Mank, Federico Fellini, Ford Fairlane and More: My Films of the Week #11

As a lifelong cinephile, I have always consumed a copious amount of films. In this new feature, I keep track of the films I watch during the week. (Also, Click here to buy my book of thoughts on film, Eye of the Beholder, on Amazon!)


The Adventures of Ford Fairlane
dir. Renny Harlin
USA, 1990

I cannot be the only person in the world who feels this ’90s classic is criminally underrated and should be re-evaluated. A perfect vehicle for Andrew “Dice” Clay. This film is a surrealist comedy take on old noir tropes, viewed through the lens of a cocaine addict. That’s the best way I can describe this highly entertaining rollercoaster ride of a movie.


Ginger and Fred
dir. Federico Fellini
Italy/France/West Germany, 1986

A dancing couple, popular in wartime entertainment, reunites on a trashy TV show decades after becoming estranged. This may be one of Fellini’s funniest movies. But his take on television is not a condemning satire; he chooses instead to be fascinated by its eccentricity and the colorful, bizarre characters that populate it.


dir. Amir Ramses
Egypt, 2020

A daughter reunites with her estranged mother, fresh out of jail, over the course of one night. Amir Ramses takes on taboos in Egyptian society, occasionally stumbling on the restrictions he imposes on his film – namely the fact that it mostly takes place in one location and over a restrictive period of time. However, he also doesn’t exaggerate the drama and the subtlety works in its favor.


dir. David Fincher
USA, 2020

Another underwhelming biographical movie. Style over substance. This one explores the life of Herman J. Mankiewicz as he writes the screenplay of Citizen Kane. Even overlooking the historical inaccuracies, the character of Mankiewicz is too caricatural and Gary Oldman doesn’t seem to know how to approach it. Critics almost automatically seem to have fallen for it. But I’ll be damned if this film won’t be forgotten in a few years.


Lift Like a Girl
dir. Mayye Zayed
Egypt/Germany/Demark, 2020

A documentary on a group of young women trained as professional weightlifters in Alexandria, Egypt, by a larger-than-life character named Captain Ramadan.
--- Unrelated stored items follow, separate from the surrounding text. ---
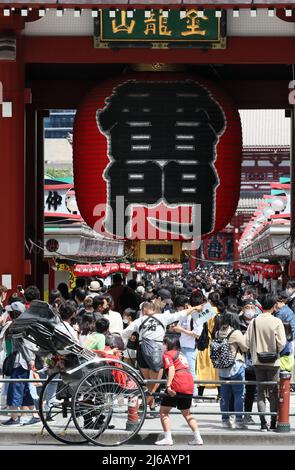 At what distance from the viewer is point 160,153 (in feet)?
68.5

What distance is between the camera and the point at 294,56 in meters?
20.8

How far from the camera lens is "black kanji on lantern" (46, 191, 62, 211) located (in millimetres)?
34062

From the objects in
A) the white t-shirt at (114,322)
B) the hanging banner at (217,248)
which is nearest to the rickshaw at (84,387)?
the white t-shirt at (114,322)

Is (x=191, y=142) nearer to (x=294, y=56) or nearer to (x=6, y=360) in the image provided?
(x=294, y=56)

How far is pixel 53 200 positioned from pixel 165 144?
44.6 feet

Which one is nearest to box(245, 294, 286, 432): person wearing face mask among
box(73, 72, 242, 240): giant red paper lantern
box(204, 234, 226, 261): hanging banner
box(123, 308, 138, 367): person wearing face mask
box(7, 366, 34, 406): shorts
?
box(123, 308, 138, 367): person wearing face mask

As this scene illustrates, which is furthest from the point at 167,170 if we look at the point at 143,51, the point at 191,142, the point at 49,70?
the point at 49,70

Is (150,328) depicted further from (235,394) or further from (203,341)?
(203,341)

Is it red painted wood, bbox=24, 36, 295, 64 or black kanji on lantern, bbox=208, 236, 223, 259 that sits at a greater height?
red painted wood, bbox=24, 36, 295, 64

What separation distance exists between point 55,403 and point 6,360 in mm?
1620

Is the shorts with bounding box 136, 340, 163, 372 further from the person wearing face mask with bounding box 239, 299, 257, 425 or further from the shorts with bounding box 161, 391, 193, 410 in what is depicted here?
the shorts with bounding box 161, 391, 193, 410

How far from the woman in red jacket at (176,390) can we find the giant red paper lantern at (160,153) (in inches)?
318

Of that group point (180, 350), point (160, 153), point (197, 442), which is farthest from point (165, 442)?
point (160, 153)

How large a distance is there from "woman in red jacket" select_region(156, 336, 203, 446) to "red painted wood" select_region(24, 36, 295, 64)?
8622 millimetres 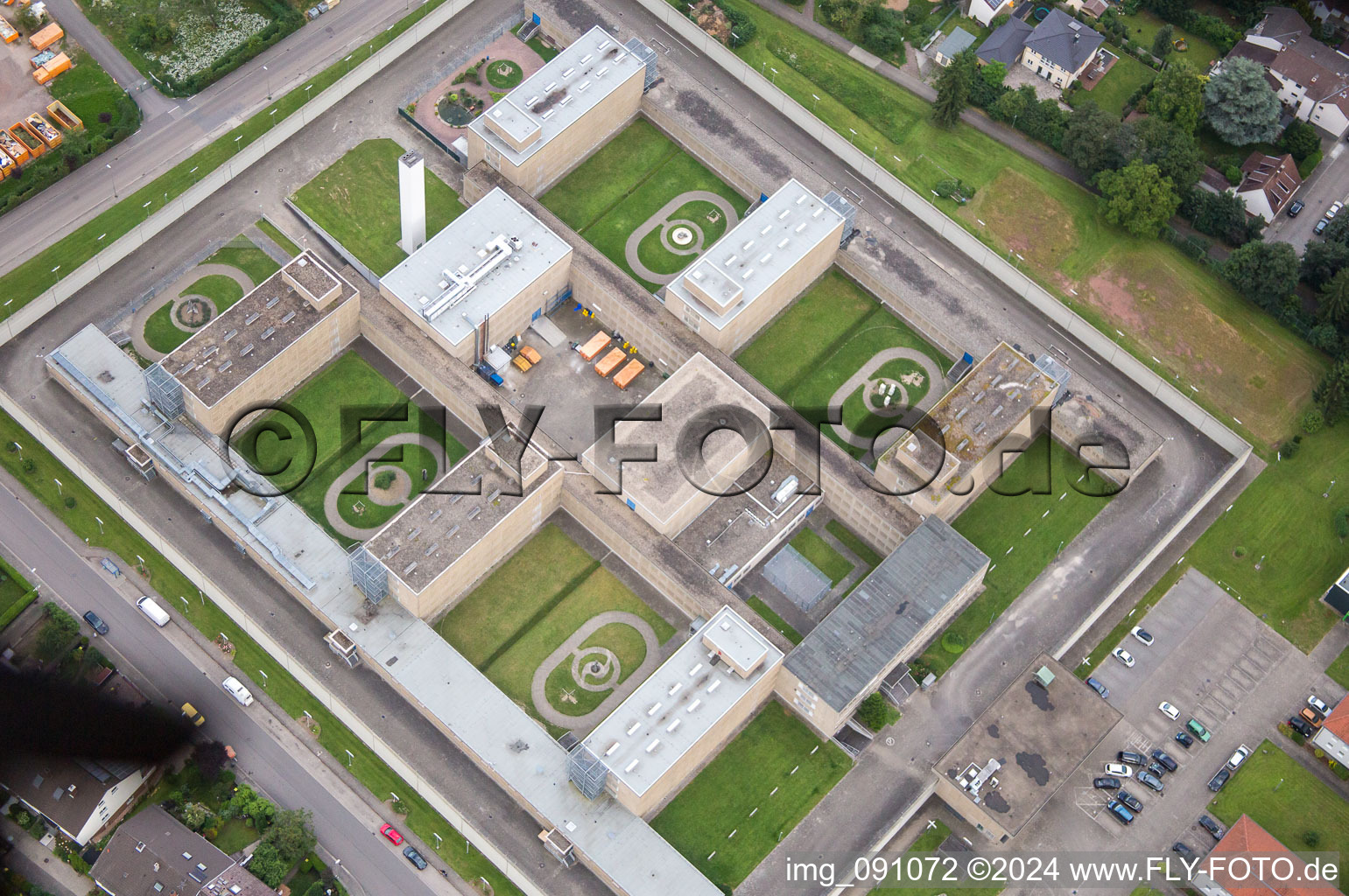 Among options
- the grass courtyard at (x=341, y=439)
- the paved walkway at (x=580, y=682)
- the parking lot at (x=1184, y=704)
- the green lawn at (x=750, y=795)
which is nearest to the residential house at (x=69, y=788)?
the grass courtyard at (x=341, y=439)

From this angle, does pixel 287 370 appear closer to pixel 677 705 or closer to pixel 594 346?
pixel 594 346

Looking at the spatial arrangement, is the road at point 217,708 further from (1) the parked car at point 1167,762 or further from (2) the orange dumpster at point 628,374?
(1) the parked car at point 1167,762

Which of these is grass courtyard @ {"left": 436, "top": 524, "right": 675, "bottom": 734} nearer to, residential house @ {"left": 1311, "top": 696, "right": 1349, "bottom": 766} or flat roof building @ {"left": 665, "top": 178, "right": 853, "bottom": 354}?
flat roof building @ {"left": 665, "top": 178, "right": 853, "bottom": 354}

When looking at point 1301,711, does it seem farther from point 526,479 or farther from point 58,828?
point 58,828

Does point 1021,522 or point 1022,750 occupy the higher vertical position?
point 1021,522

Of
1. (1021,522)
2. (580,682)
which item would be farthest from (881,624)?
(580,682)

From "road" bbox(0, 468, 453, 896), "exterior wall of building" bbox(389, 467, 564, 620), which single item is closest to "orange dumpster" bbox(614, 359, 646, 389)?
"exterior wall of building" bbox(389, 467, 564, 620)

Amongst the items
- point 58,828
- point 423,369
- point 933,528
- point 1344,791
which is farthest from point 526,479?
point 1344,791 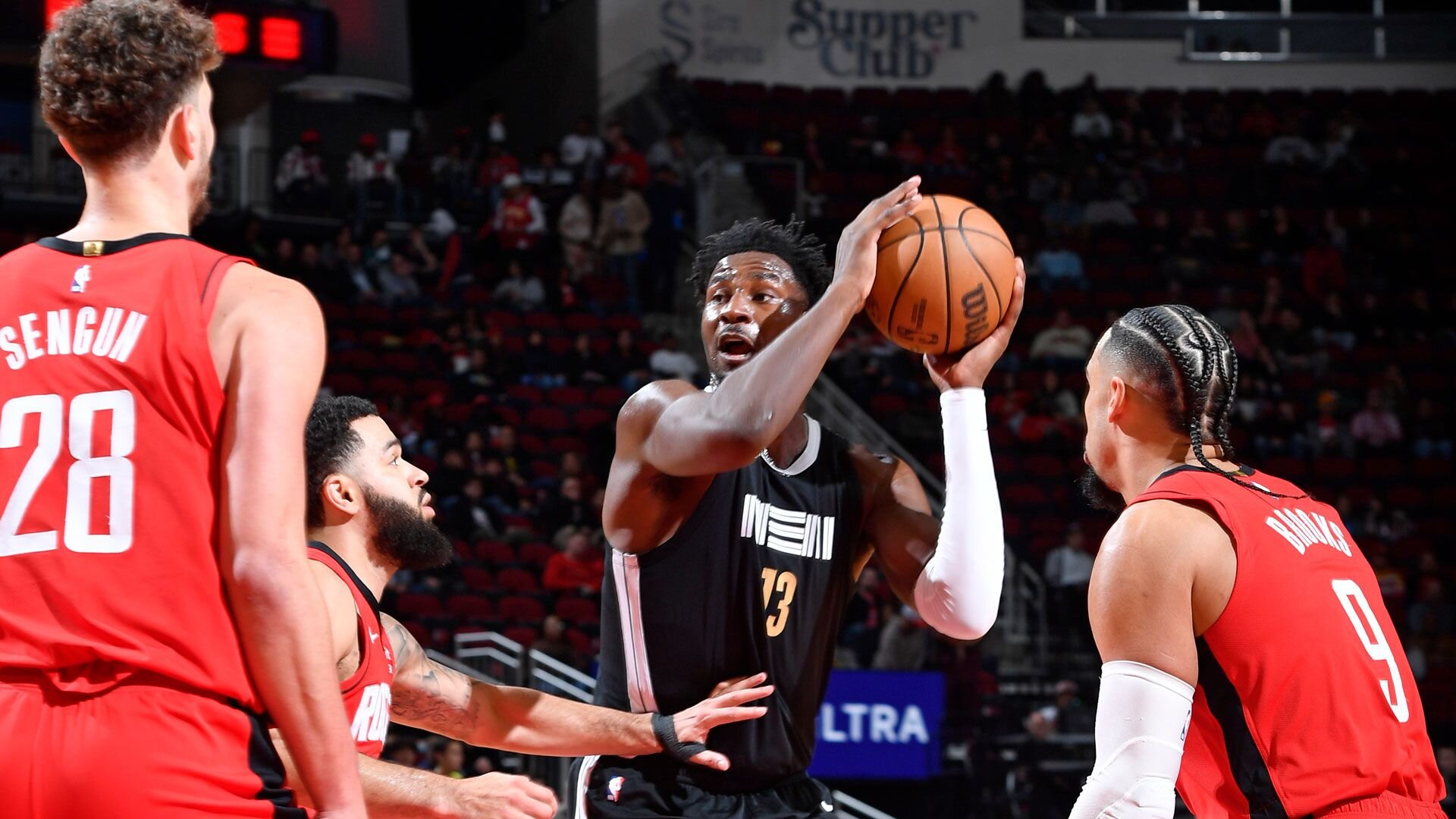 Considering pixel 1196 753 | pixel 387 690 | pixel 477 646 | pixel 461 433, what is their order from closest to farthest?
1. pixel 1196 753
2. pixel 387 690
3. pixel 477 646
4. pixel 461 433

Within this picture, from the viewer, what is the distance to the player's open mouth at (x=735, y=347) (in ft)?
11.2

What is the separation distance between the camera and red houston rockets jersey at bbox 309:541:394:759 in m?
2.87

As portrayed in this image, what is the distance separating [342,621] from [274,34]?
33.1 feet

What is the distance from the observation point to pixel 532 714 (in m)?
3.39

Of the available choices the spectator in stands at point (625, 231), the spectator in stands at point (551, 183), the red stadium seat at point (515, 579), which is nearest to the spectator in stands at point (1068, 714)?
the red stadium seat at point (515, 579)

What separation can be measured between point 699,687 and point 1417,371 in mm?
13725

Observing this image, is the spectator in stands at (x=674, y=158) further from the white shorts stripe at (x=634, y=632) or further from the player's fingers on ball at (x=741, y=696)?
the player's fingers on ball at (x=741, y=696)

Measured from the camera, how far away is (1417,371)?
1498 cm

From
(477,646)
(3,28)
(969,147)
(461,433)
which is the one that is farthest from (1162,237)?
(3,28)

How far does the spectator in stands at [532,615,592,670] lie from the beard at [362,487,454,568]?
569 cm

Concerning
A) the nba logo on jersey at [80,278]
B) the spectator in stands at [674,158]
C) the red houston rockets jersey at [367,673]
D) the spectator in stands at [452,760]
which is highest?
the spectator in stands at [674,158]

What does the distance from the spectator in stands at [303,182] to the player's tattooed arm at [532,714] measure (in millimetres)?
12719

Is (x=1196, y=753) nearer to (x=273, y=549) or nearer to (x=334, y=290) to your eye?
(x=273, y=549)

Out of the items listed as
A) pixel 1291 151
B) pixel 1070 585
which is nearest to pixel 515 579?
pixel 1070 585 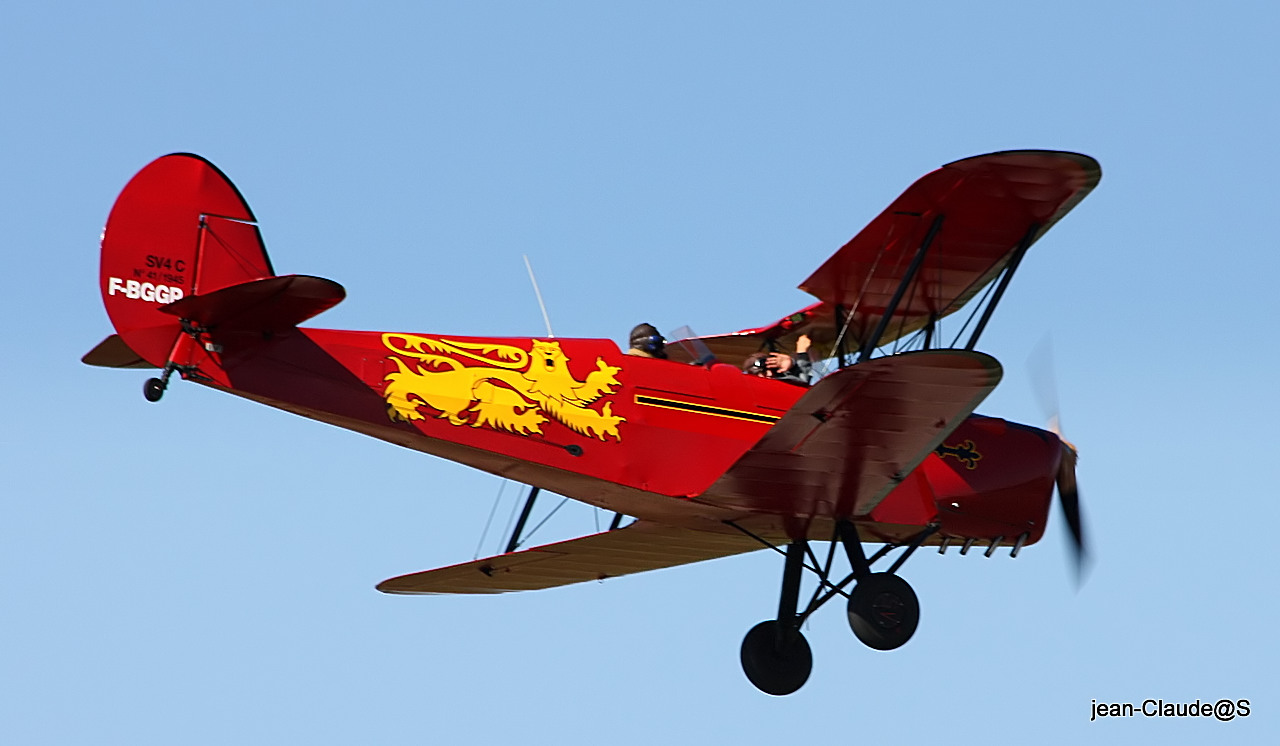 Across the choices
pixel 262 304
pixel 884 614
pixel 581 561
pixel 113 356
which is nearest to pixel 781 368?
pixel 884 614

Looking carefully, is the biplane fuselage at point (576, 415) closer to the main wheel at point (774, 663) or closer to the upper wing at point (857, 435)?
the upper wing at point (857, 435)

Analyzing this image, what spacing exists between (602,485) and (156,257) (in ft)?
10.1

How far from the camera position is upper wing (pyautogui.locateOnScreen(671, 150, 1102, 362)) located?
10.8 m

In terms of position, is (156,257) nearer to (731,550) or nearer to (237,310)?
(237,310)

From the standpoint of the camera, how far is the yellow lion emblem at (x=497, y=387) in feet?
34.3

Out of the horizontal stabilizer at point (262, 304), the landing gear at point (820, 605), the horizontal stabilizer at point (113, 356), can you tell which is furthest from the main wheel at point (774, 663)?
the horizontal stabilizer at point (113, 356)

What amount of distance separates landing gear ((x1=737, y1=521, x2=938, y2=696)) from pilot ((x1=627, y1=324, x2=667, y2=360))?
1.47 m

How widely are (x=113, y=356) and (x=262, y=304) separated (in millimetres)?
1101

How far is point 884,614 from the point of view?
1112 centimetres

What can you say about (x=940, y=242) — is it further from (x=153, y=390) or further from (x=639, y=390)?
(x=153, y=390)

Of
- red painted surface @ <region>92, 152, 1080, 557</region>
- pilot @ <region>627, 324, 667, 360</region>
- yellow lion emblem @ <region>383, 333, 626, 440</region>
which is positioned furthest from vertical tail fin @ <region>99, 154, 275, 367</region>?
pilot @ <region>627, 324, 667, 360</region>

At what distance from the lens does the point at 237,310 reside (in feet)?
32.4

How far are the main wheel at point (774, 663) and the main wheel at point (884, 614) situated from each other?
0.96m

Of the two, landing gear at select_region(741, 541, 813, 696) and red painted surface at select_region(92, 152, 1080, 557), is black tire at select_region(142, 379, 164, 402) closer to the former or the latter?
red painted surface at select_region(92, 152, 1080, 557) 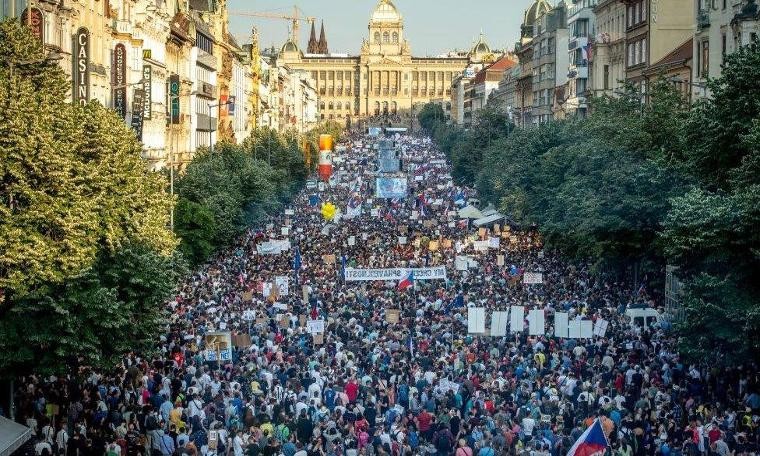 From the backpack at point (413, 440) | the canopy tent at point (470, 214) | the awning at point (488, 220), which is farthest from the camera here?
the canopy tent at point (470, 214)

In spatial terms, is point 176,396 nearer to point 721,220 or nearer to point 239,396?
point 239,396

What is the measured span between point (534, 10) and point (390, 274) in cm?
11927

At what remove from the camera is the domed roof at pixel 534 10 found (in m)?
160

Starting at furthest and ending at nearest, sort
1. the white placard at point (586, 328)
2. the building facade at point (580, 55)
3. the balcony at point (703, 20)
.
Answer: the building facade at point (580, 55) < the balcony at point (703, 20) < the white placard at point (586, 328)

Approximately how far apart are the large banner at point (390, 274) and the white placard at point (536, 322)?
36.3 feet

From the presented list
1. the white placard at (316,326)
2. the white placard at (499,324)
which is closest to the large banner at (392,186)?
the white placard at (499,324)

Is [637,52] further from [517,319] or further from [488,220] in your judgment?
[517,319]

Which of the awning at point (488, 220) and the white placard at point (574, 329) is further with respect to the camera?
the awning at point (488, 220)

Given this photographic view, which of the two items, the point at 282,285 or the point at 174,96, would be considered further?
the point at 174,96

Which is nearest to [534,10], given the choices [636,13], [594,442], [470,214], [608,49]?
[608,49]

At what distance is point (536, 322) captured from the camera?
37250 mm

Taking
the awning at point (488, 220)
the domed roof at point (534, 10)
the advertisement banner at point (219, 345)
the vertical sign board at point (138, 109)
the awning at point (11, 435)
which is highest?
the domed roof at point (534, 10)

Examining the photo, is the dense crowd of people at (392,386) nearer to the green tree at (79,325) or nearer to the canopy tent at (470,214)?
the green tree at (79,325)

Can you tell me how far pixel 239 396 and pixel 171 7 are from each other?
6334cm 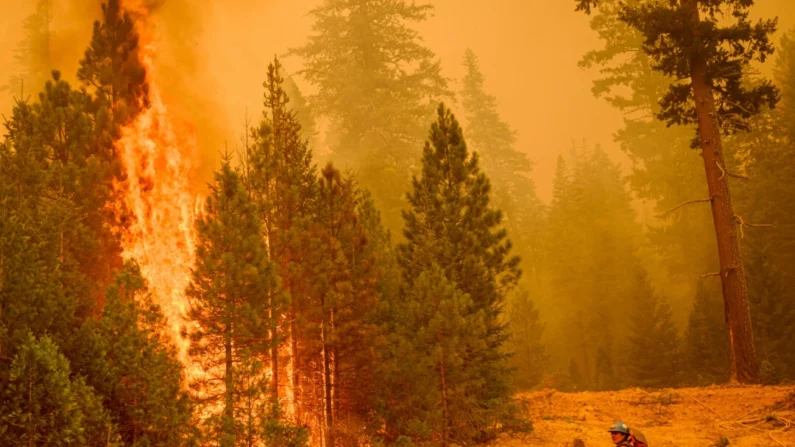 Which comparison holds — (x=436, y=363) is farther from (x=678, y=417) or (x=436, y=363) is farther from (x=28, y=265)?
(x=28, y=265)

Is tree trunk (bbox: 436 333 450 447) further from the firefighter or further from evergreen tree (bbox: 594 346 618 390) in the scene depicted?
evergreen tree (bbox: 594 346 618 390)

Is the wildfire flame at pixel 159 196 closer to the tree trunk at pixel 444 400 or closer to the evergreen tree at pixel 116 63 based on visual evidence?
the evergreen tree at pixel 116 63

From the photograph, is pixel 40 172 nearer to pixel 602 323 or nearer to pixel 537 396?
pixel 537 396

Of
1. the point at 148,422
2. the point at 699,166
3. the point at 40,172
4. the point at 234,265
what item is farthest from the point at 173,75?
the point at 699,166

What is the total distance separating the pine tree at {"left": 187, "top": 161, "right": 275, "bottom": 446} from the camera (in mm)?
13320

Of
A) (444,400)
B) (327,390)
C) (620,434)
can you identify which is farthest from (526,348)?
(620,434)

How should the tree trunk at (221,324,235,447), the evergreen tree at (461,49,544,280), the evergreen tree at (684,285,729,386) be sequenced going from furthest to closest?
1. the evergreen tree at (461,49,544,280)
2. the evergreen tree at (684,285,729,386)
3. the tree trunk at (221,324,235,447)

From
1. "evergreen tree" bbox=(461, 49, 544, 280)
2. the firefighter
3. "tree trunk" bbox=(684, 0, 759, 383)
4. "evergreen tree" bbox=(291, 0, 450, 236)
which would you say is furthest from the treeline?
"evergreen tree" bbox=(461, 49, 544, 280)

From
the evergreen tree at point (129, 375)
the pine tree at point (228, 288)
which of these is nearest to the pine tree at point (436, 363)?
the pine tree at point (228, 288)

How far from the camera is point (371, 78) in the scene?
35125 millimetres

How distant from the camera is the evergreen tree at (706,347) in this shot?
27.3 metres

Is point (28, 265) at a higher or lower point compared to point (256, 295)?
higher

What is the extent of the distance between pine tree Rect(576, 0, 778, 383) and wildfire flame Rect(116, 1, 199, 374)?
15.8 m

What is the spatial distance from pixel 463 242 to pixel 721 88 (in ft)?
34.3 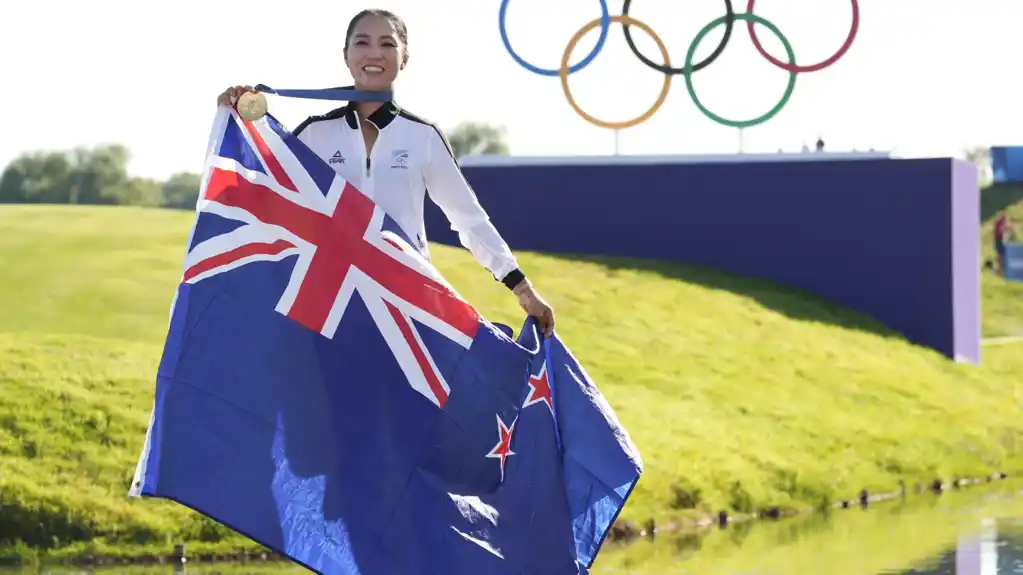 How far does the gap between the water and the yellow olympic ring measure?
15179 millimetres

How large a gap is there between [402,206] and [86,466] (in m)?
9.36

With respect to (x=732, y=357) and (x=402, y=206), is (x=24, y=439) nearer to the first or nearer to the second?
(x=402, y=206)

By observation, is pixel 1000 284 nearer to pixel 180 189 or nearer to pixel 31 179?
pixel 31 179

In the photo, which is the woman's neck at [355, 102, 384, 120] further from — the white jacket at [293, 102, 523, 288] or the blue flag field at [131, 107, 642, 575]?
the blue flag field at [131, 107, 642, 575]

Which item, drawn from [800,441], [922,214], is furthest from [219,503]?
[922,214]

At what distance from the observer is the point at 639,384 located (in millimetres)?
23891

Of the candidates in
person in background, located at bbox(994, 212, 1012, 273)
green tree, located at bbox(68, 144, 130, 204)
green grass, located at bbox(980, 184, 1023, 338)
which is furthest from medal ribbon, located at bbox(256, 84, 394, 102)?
green tree, located at bbox(68, 144, 130, 204)

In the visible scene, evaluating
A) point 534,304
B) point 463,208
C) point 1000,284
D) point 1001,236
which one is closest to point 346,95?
point 463,208

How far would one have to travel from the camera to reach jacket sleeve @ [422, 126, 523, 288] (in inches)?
294

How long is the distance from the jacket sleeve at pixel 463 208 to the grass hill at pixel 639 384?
804cm

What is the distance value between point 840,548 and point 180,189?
70.1 m

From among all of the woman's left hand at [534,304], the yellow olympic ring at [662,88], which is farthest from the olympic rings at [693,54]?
the woman's left hand at [534,304]

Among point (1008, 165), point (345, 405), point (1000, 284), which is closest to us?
point (345, 405)

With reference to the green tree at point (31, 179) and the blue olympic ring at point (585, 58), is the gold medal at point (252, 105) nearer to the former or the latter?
the blue olympic ring at point (585, 58) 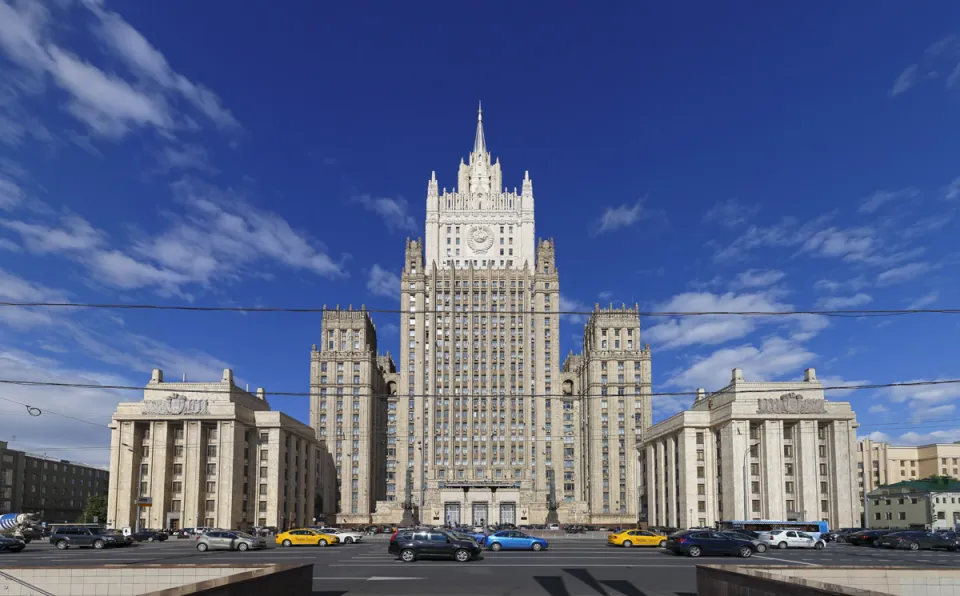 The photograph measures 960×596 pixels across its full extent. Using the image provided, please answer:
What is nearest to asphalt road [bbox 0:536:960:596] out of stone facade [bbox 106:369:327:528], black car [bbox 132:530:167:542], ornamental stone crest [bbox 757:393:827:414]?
black car [bbox 132:530:167:542]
An inspiring observational documentary about a little-known story. Aside from it making you feel thankful for the potential of documentaries to captures such truths about life that would otherwise remain unseen, it also manages to make sophisticated observations on how concepts of gender shape perceptions and even communications in society.


Get Out
dir. Jordan Peele
USA, 2017

One of the most defining psychological thrillers of recent memory, brimming originality, including via its distinctly black perspective. The film draws on racial conflicts in America but never overplays metaphorical representation. The fact that it remains so grounded and gripping actually adds to its effectiveness. It’s fair to say that Get Out rightly granted Jordan Peele “master of horror” status.


dir. Rick Alverson
USA, 2015

Though it’s an American flick, it feels more influenced by Michelangelo Antonioni. Though it’s about a traveling comedian, this movie is an anti-comedy. Despite the title, this is not entertainment. In other words, this is kind of the opposite of anything you may expect on the surface. And that’s kind of the point, as well as why it works so well.